Records from a dataset
··········
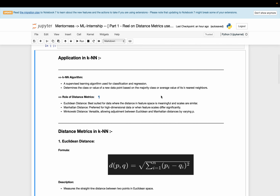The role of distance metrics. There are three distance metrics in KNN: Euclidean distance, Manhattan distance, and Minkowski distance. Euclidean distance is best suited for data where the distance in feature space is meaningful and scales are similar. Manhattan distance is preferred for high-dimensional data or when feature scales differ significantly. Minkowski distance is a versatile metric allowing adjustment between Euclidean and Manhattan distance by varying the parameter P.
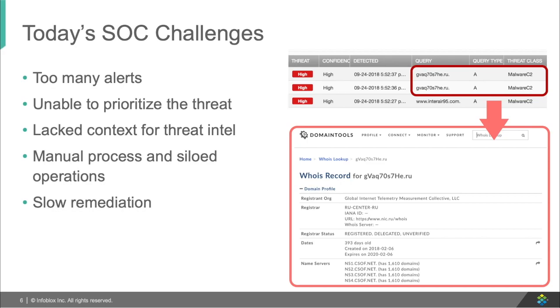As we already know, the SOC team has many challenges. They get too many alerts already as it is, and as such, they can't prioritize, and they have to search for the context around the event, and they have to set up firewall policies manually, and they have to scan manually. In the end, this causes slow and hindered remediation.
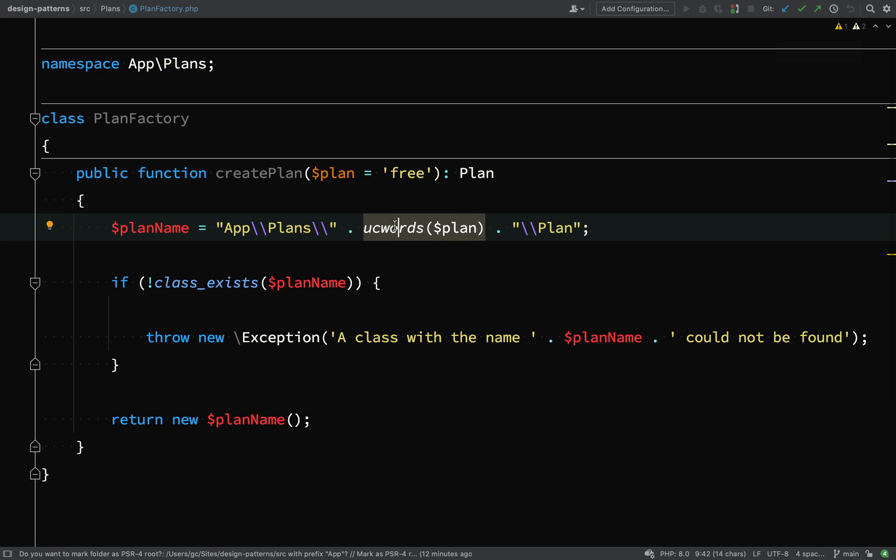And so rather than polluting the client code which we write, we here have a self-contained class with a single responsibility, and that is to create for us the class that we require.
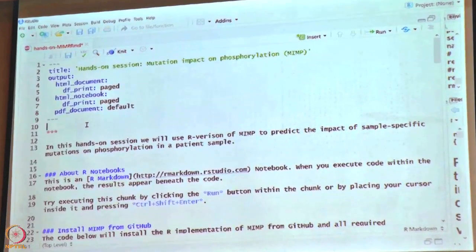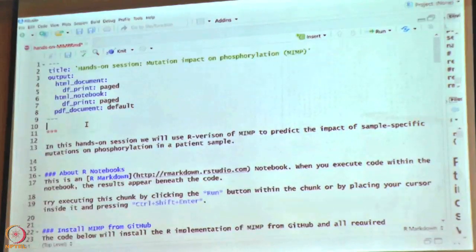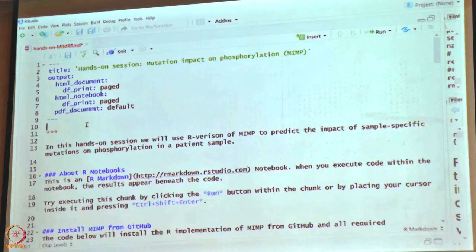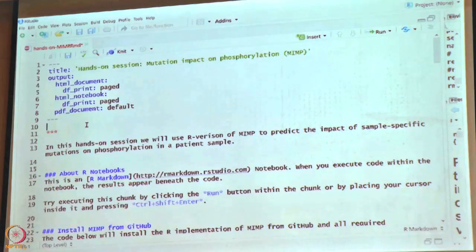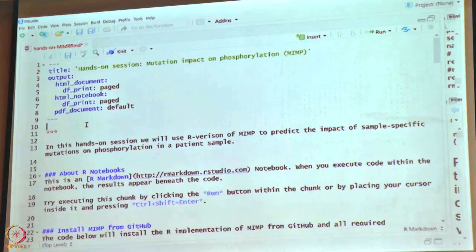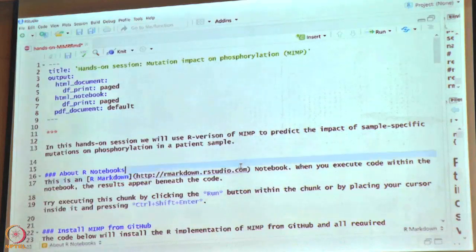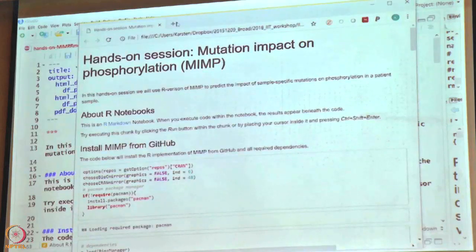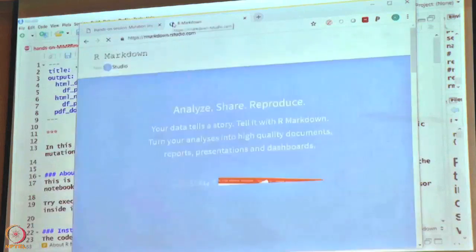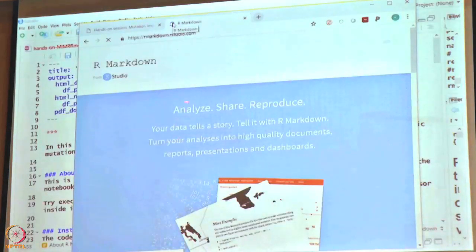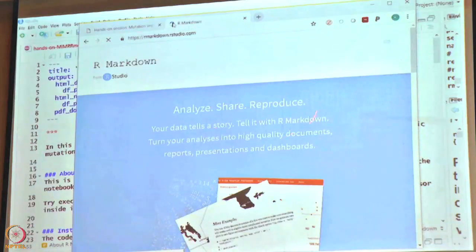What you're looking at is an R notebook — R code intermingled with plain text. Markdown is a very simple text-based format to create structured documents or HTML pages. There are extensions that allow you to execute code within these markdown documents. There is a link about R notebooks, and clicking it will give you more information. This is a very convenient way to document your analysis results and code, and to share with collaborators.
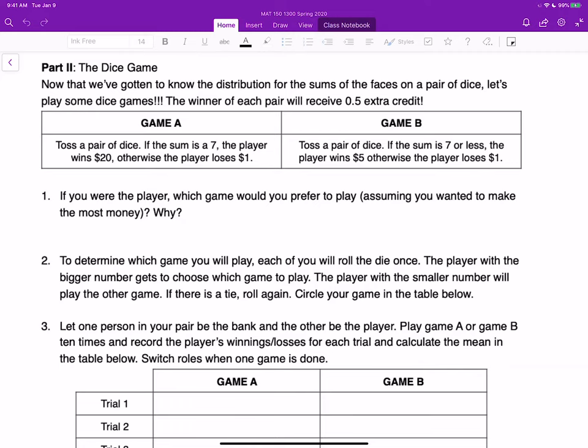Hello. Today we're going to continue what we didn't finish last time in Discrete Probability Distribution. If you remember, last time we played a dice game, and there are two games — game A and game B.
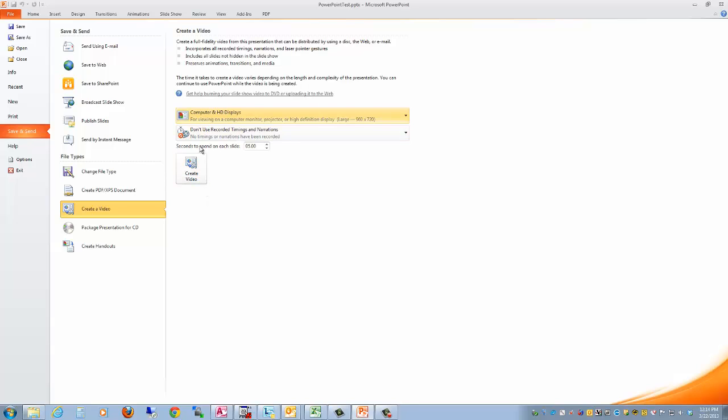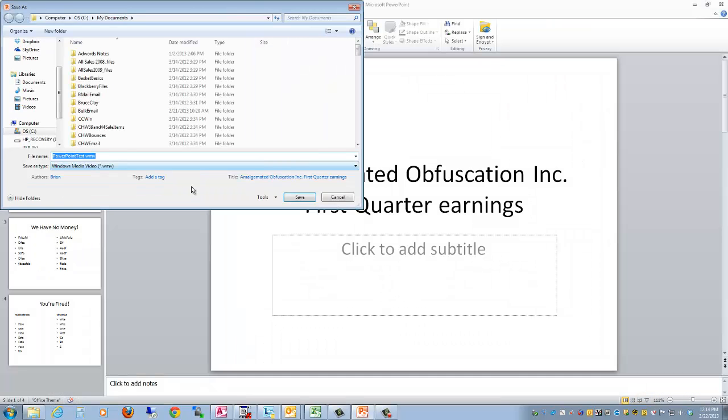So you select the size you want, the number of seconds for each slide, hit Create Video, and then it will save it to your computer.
··········
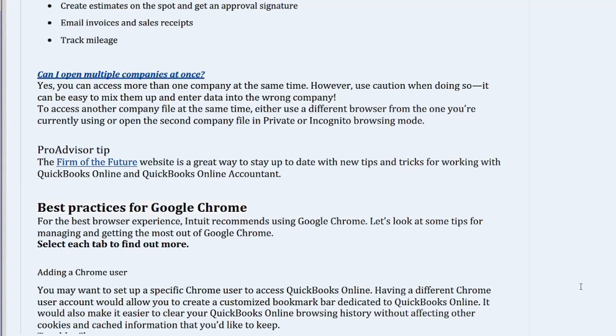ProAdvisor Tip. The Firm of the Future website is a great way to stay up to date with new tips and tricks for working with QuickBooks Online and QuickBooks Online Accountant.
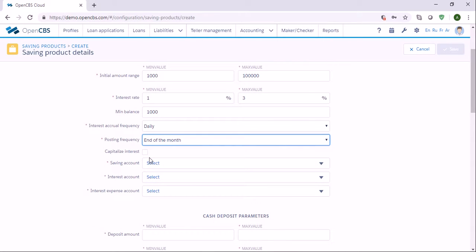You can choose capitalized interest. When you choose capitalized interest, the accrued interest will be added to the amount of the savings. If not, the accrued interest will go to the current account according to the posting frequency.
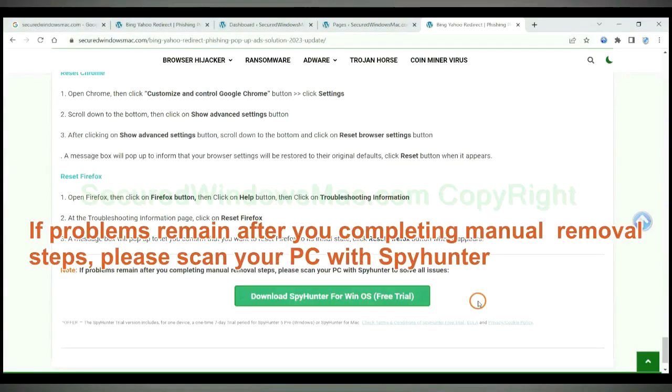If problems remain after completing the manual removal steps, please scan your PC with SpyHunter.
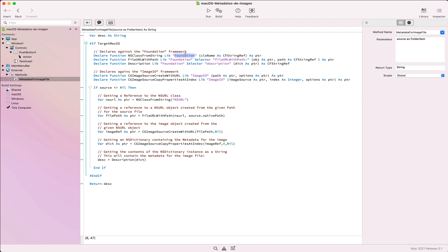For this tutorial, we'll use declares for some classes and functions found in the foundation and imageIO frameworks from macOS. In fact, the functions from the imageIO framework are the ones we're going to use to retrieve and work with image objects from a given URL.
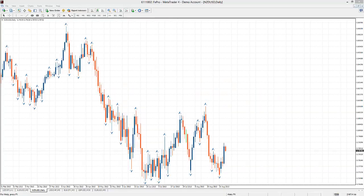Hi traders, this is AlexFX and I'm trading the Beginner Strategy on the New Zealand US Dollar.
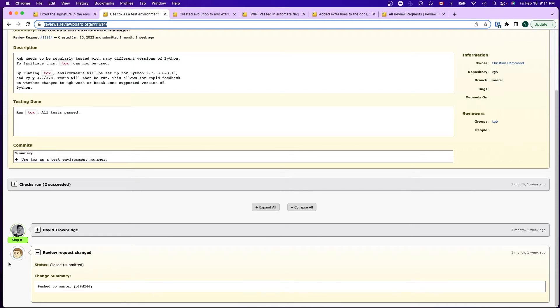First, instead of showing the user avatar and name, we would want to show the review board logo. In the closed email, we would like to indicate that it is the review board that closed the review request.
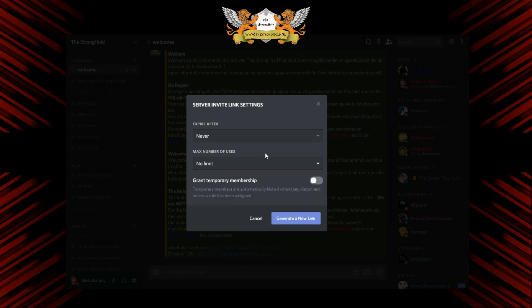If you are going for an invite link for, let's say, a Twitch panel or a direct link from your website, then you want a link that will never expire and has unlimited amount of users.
··········
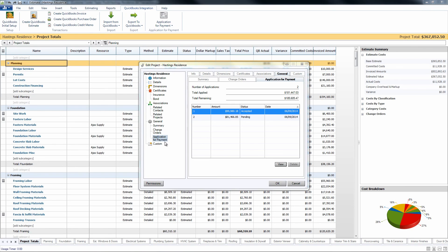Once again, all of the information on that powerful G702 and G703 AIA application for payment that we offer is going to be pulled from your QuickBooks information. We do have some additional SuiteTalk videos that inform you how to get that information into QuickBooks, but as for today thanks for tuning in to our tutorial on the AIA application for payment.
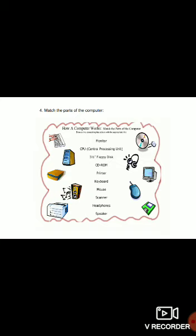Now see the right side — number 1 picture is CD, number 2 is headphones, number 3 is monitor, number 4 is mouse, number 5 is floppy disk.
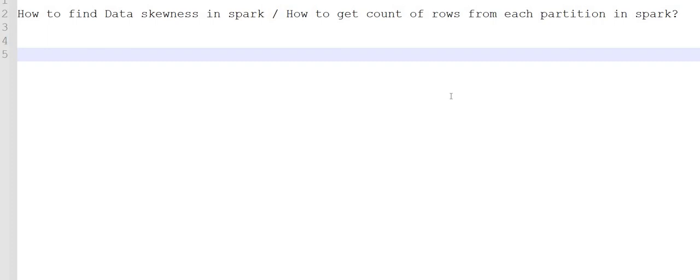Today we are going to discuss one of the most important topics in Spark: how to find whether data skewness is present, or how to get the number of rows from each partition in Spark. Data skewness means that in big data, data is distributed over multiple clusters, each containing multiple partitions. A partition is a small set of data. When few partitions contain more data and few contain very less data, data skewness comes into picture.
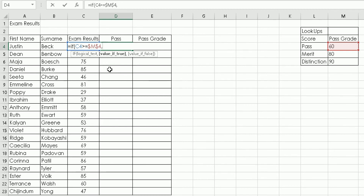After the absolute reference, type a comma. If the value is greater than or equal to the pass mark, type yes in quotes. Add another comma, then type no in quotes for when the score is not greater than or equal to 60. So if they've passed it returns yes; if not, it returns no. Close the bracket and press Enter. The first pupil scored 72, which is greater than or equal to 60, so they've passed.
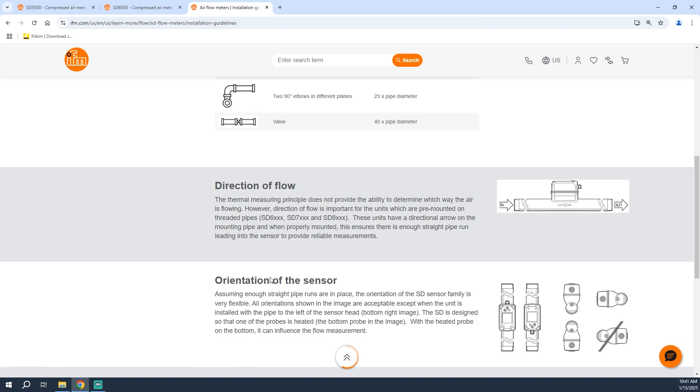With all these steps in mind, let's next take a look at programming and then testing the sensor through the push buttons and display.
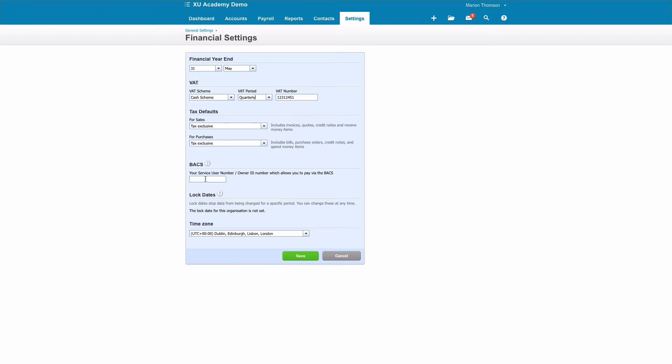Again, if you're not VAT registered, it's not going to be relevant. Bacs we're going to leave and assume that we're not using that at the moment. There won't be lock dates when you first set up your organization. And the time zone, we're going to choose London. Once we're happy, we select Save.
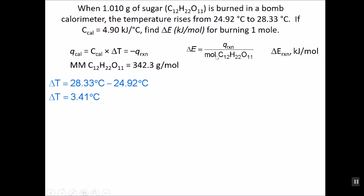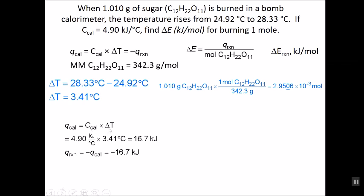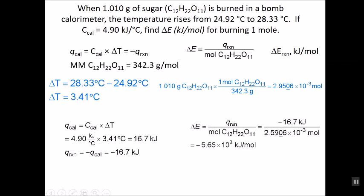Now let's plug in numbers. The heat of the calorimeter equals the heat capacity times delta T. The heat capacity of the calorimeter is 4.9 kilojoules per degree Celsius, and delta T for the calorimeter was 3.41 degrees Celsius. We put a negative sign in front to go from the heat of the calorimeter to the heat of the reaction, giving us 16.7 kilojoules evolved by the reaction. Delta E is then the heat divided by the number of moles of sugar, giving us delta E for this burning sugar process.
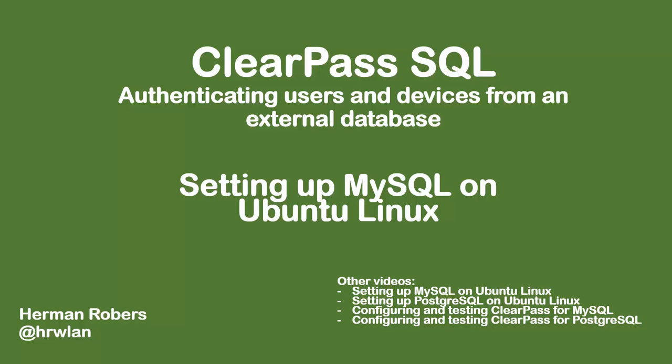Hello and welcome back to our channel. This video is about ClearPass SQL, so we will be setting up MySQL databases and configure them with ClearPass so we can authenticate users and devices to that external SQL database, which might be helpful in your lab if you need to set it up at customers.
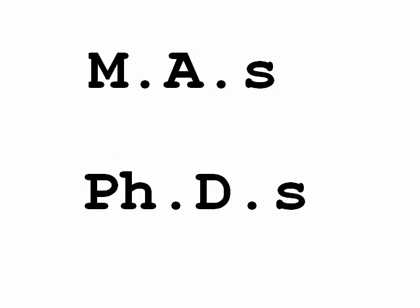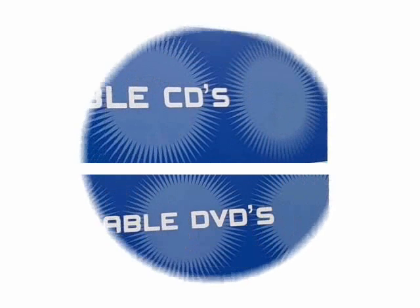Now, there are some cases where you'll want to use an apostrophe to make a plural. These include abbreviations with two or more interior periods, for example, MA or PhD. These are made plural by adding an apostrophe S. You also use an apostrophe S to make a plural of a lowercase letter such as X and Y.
··········
Your output should be the lines above from the one that contains "And so rather" through the one that contains "So you select", word for word, with pictures left out.

## Response area
And so rather than polluting the client code which we write, we here have a self-contained class with a single responsibility, and that is to create for us the class that we require.
What you're looking at is an R notebook — R code intermingled with plain text. Markdown is a very simple text-based format to create structured documents or HTML pages. There are extensions that allow you to execute code within these markdown documents. There is a link about R notebooks, and clicking it will give you more information. This is a very convenient way to document your analysis results and code, and to share with collaborators.
Hello. Today we're going to continue what we didn't finish last time in Discrete Probability Distribution. If you remember, last time we played a dice game, and there are two games — game A and game B.
So you select the size you want, the number of seconds for each slide, hit Create Video, and then it will save it to your computer.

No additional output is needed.